[Web page caption snippets]
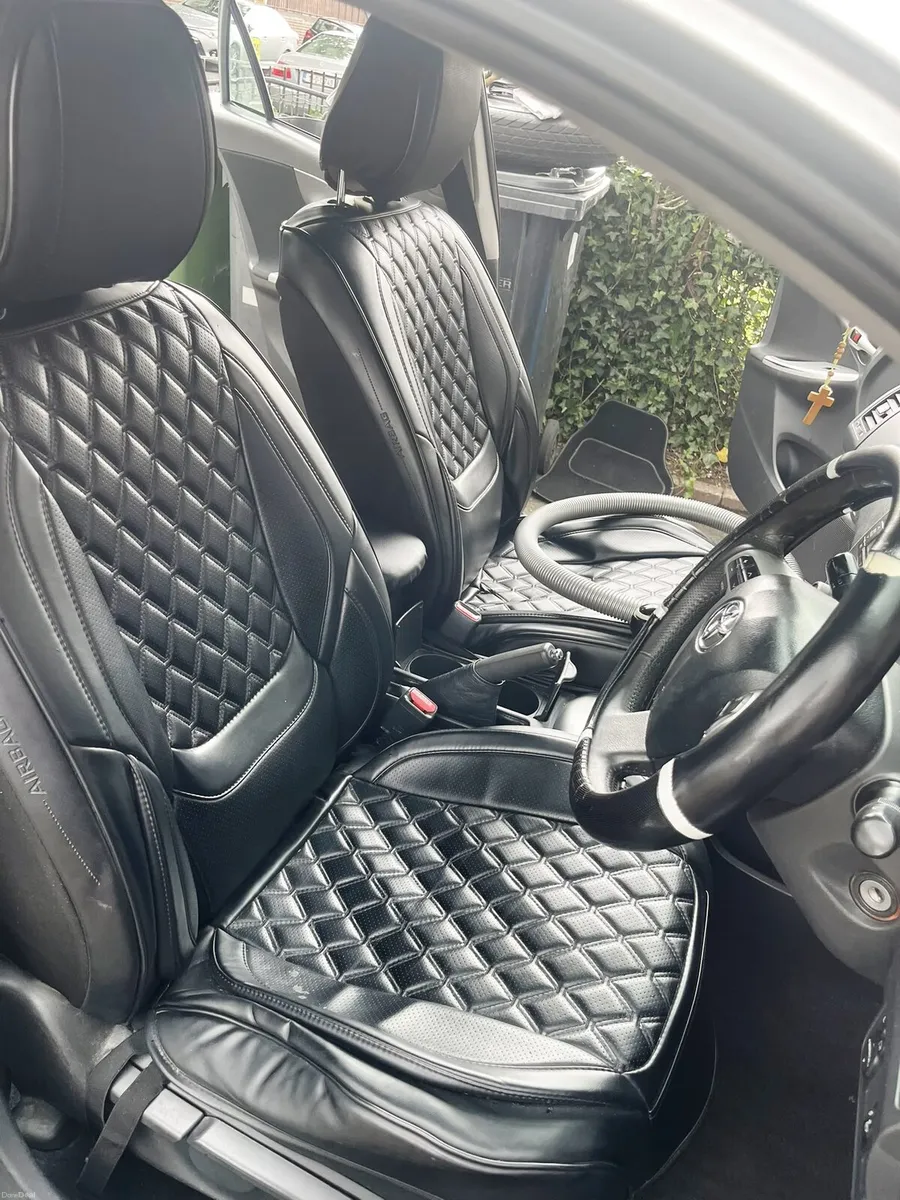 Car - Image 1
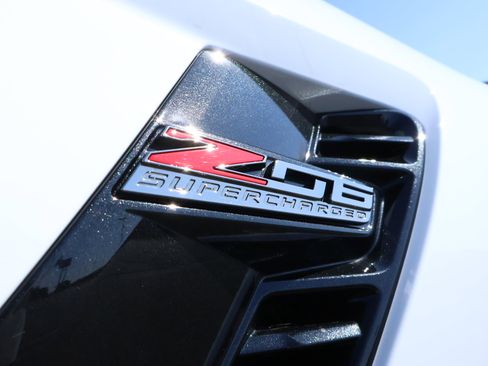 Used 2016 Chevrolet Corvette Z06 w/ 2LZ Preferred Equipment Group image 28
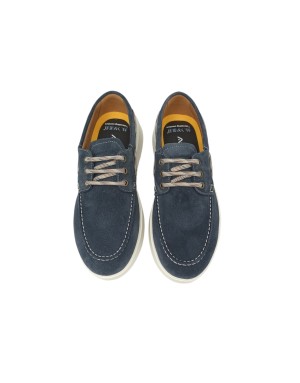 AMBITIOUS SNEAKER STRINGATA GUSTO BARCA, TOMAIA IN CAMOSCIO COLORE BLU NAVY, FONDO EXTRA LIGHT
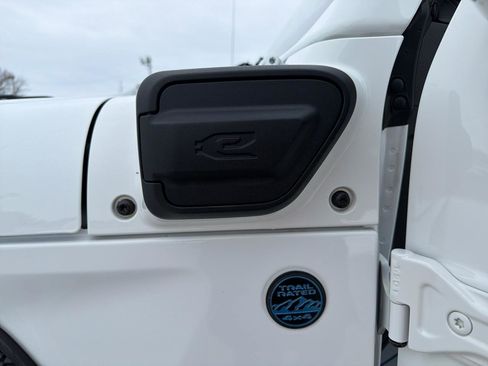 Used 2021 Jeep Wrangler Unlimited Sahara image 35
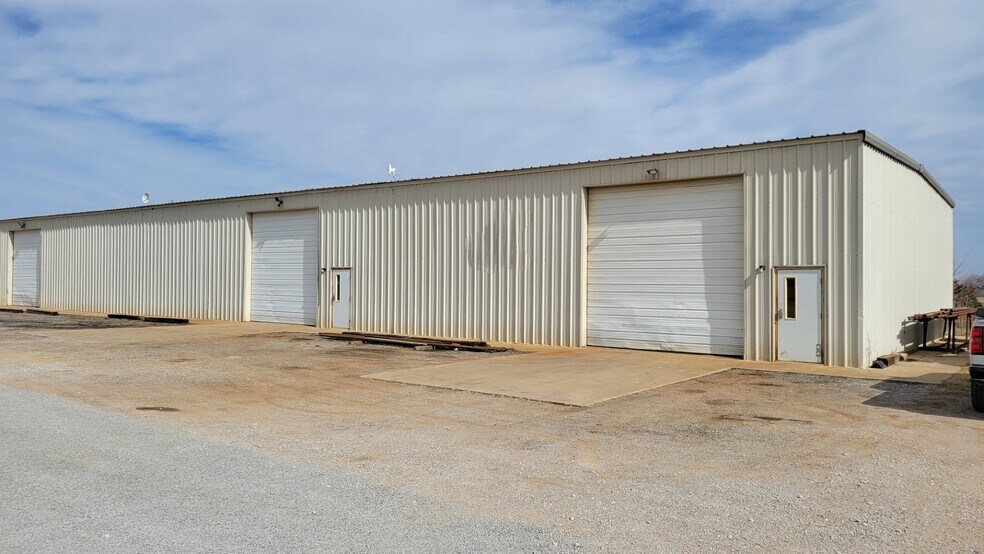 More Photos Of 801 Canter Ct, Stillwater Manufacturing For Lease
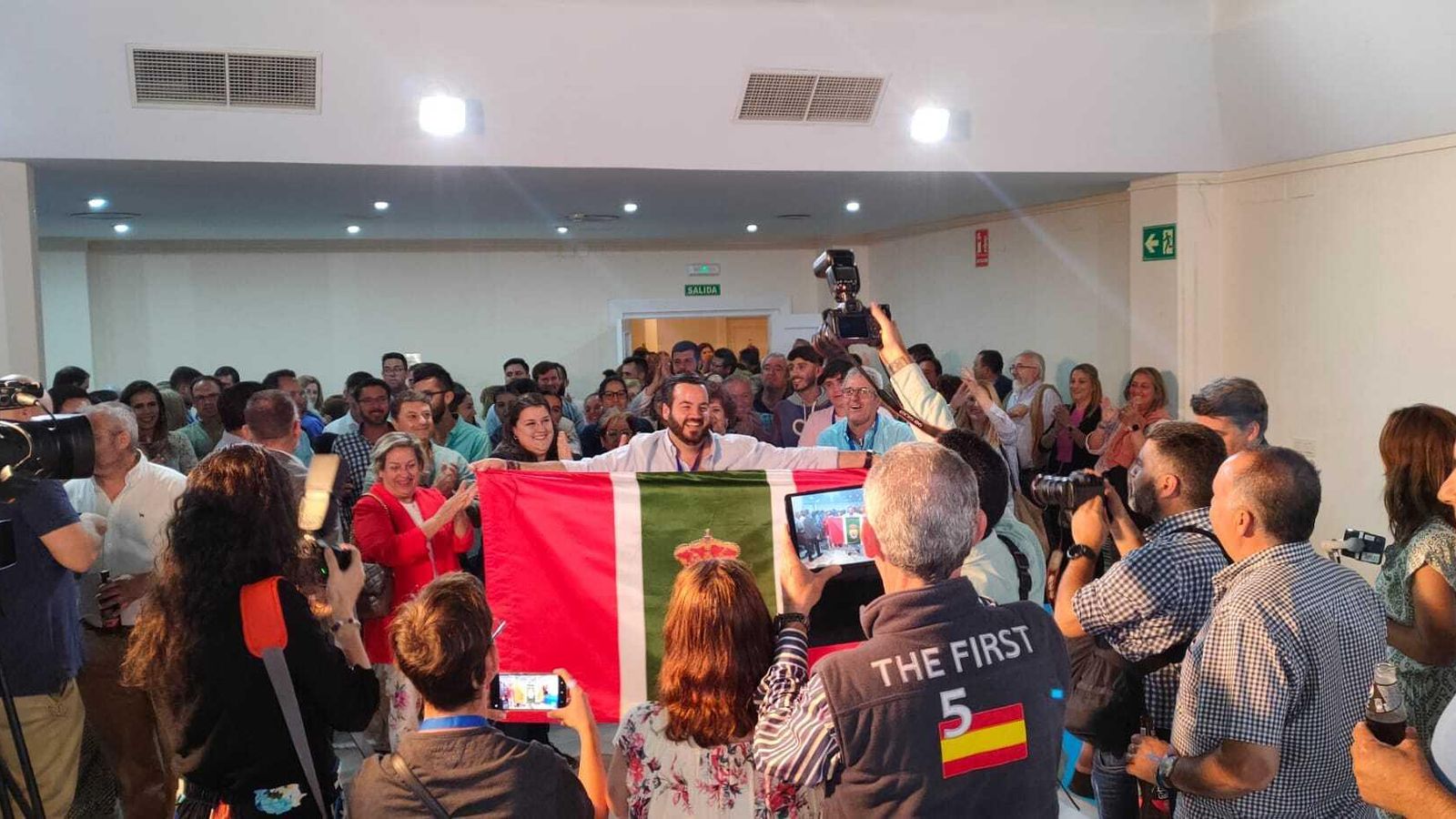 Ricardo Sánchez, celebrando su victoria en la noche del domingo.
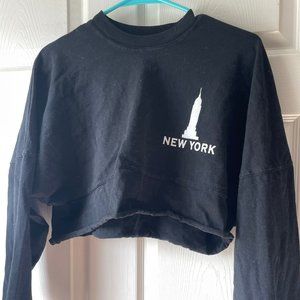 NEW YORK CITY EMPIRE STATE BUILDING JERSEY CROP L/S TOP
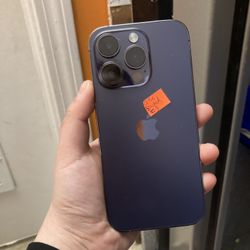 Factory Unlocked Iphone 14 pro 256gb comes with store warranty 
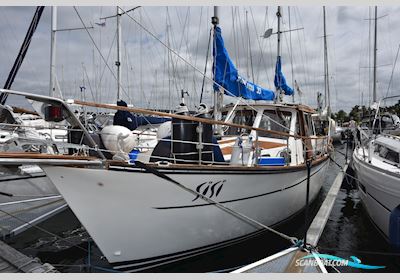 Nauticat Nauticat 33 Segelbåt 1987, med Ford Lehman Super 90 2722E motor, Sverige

▸ Assignment
Every line from the one with "Used 2016 Chevrolet" through the one with "More Photos Of" is to be reproduced exactly as written above, and the pictures are to be dropped.

▸ Expected output
 Used 2016 Chevrolet Corvette Z06 w/ 2LZ Preferred Equipment Group image 28
 AMBITIOUS SNEAKER STRINGATA GUSTO BARCA, TOMAIA IN CAMOSCIO COLORE BLU NAVY, FONDO EXTRA LIGHT
 Used 2021 Jeep Wrangler Unlimited Sahara image 35
 More Photos Of 801 Canter Ct, Stillwater Manufacturing For Lease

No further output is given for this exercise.